Problem description >>
Where a line holds the word "Jacket", copy it from the records.

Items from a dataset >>
# # #

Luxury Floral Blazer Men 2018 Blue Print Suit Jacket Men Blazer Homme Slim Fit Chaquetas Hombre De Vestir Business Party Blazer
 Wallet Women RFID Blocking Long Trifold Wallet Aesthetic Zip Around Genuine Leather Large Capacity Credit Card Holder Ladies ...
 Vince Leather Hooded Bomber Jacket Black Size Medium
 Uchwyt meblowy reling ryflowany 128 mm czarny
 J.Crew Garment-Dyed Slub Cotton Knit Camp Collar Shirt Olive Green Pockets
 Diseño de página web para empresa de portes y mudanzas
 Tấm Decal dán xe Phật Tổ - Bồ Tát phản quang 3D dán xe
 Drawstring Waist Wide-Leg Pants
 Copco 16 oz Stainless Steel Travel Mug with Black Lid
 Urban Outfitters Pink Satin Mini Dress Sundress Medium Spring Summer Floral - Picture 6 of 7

# # #

Answer section >>
Luxury Floral Blazer Men 2018 Blue Print Suit Jacket Men Blazer Homme Slim Fit Chaquetas Hombre De Vestir Business Party Blazer
 Vince Leather Hooded Bomber Jacket Black Size Medium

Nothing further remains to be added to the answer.